### ACTIVITY
What you return must match the entries exactly, except that the pictures are gone.

### MATERIAL PROVIDED
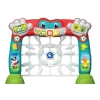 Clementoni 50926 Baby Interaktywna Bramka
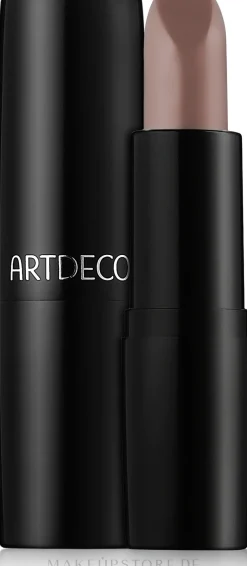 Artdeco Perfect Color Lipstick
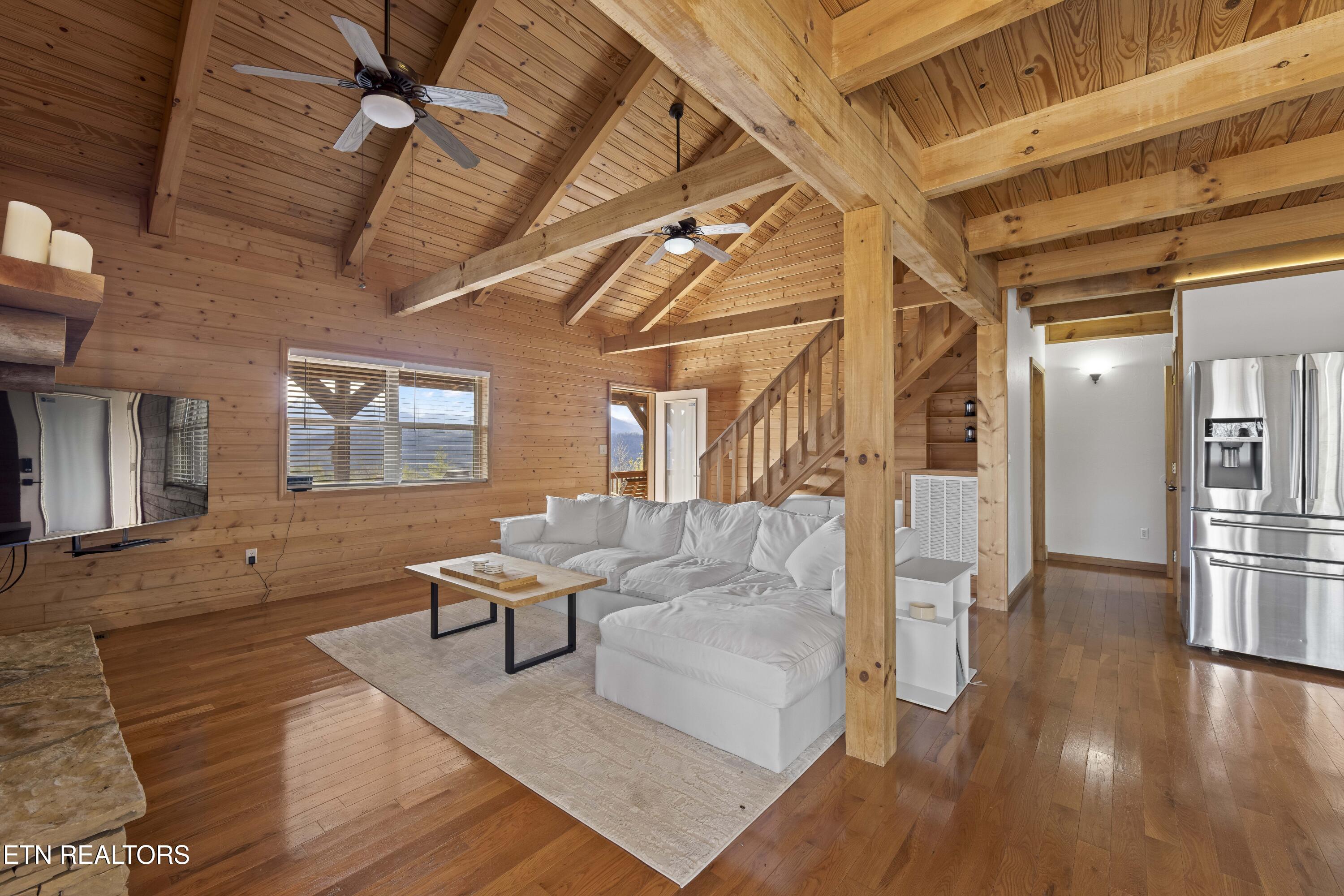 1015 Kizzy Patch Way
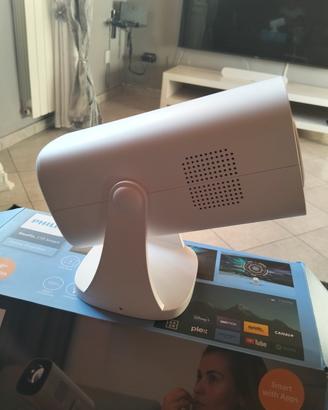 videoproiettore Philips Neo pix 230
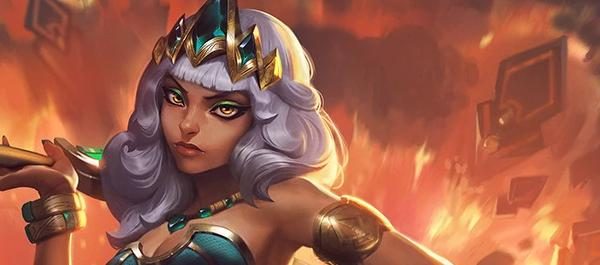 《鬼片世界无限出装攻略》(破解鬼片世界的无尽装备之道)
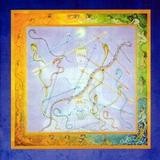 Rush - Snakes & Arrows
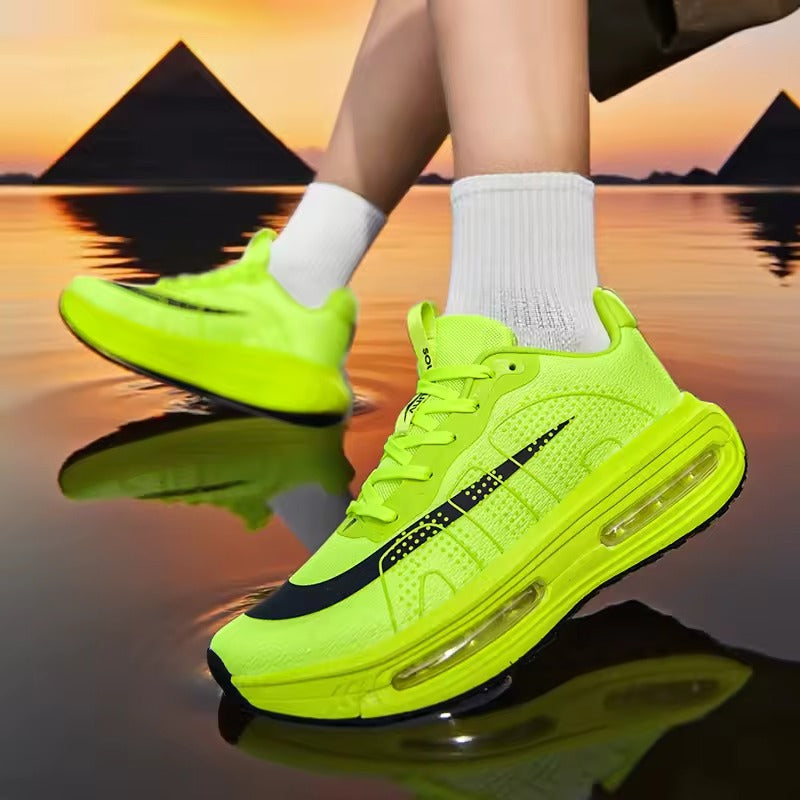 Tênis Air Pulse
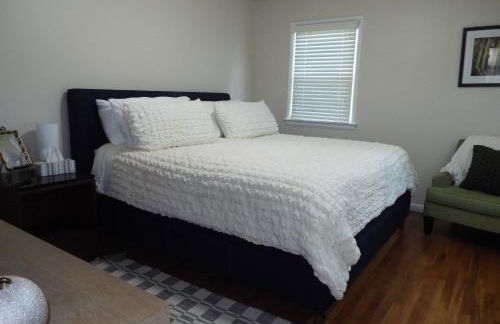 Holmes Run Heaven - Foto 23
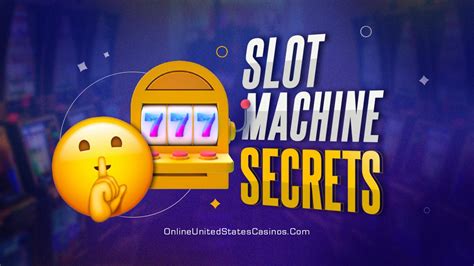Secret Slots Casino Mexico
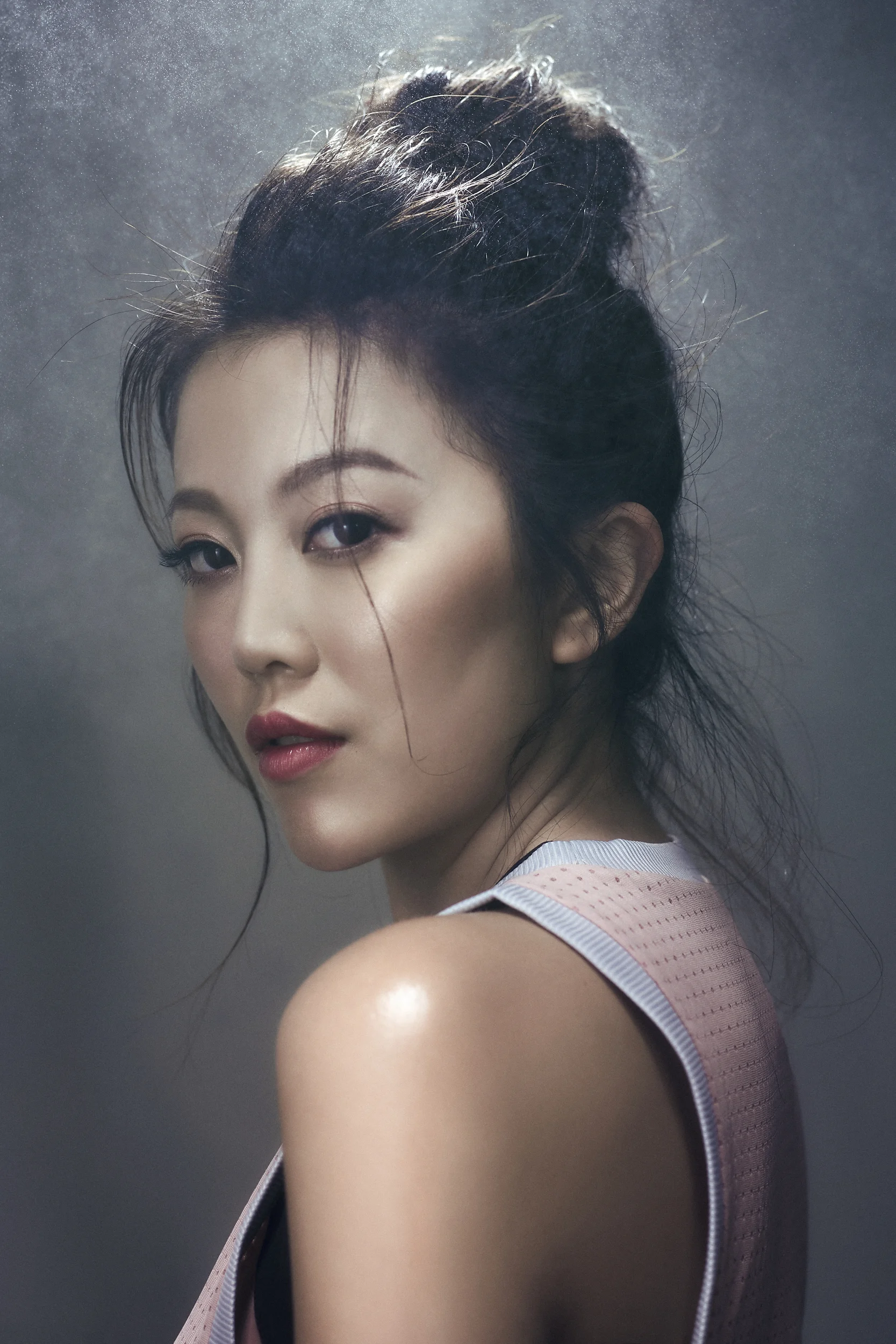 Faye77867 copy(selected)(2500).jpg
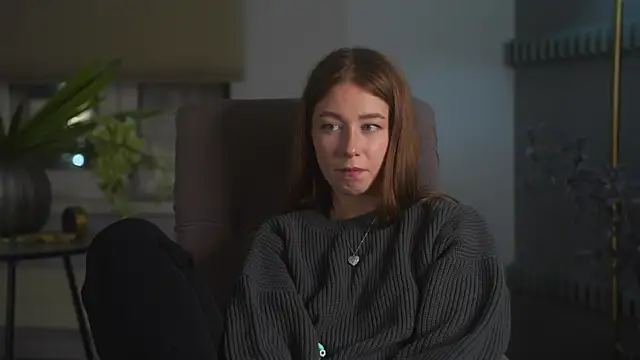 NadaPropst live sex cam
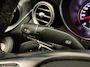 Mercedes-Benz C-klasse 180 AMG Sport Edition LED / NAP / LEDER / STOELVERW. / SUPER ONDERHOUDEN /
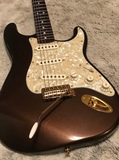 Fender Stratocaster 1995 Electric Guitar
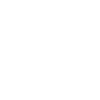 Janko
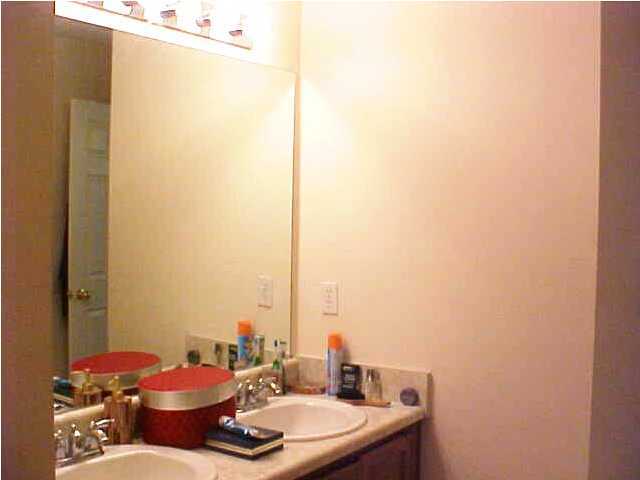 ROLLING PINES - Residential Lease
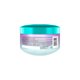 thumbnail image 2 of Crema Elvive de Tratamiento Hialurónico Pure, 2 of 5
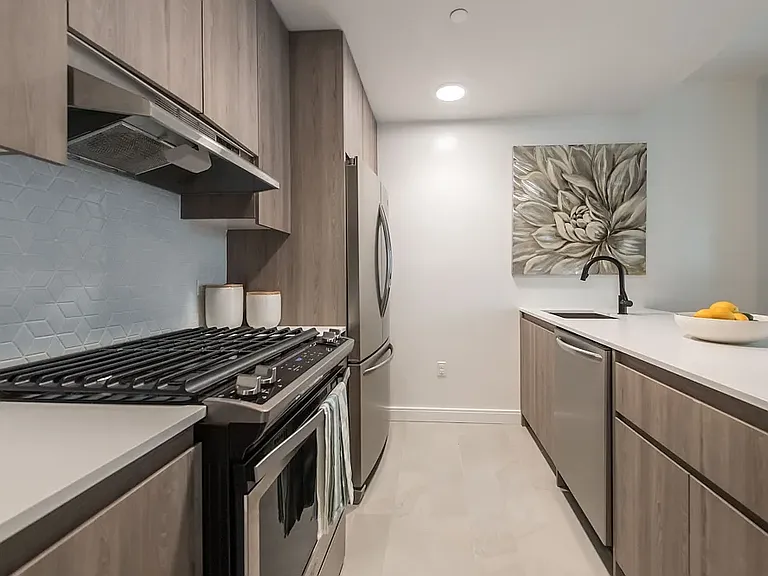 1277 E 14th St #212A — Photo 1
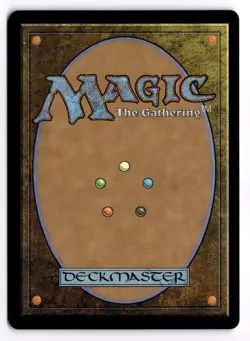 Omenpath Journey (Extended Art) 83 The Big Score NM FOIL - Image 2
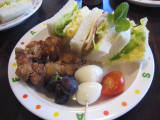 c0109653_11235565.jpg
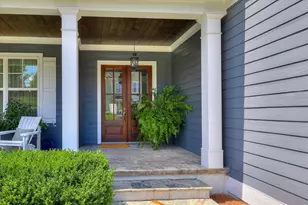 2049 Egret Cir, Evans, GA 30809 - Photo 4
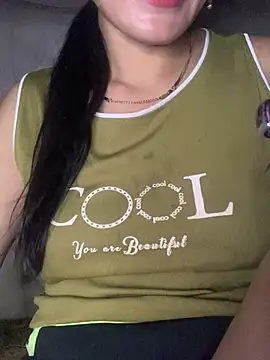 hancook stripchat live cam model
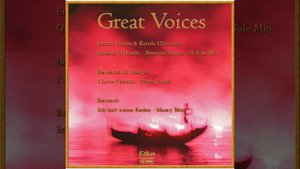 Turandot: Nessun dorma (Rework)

### SOLUTION TO THE EXERCISE
 Clementoni 50926 Baby Interaktywna Bramka
 Artdeco Perfect Color Lipstick
 1015 Kizzy Patch Way
 videoproiettore Philips Neo pix 230
 《鬼片世界无限出装攻略》(破解鬼片世界的无尽装备之道)
 Rush - Snakes & Arrows
 Tênis Air Pulse
 Holmes Run Heaven - Foto 23
Secret Slots Casino Mexico
 Faye77867 copy(selected)(2500).jpg
 NadaPropst live sex cam
 Mercedes-Benz C-klasse 180 AMG Sport Edition LED / NAP / LEDER / STOELVERW. / SUPER ONDERHOUDEN /
 Fender Stratocaster 1995 Electric Guitar
 Janko
 ROLLING PINES - Residential Lease
 thumbnail image 2 of Crema Elvive de Tratamiento Hialurónico Pure, 2 of 5
 1277 E 14th St #212A — Photo 1
 Omenpath Journey (Extended Art) 83 The Big Score NM FOIL - Image 2
 c0109653_11235565.jpg
 2049 Egret Cir, Evans, GA 30809 - Photo 4
 hancook stripchat live cam model
 Turandot: Nessun dorma (Rework)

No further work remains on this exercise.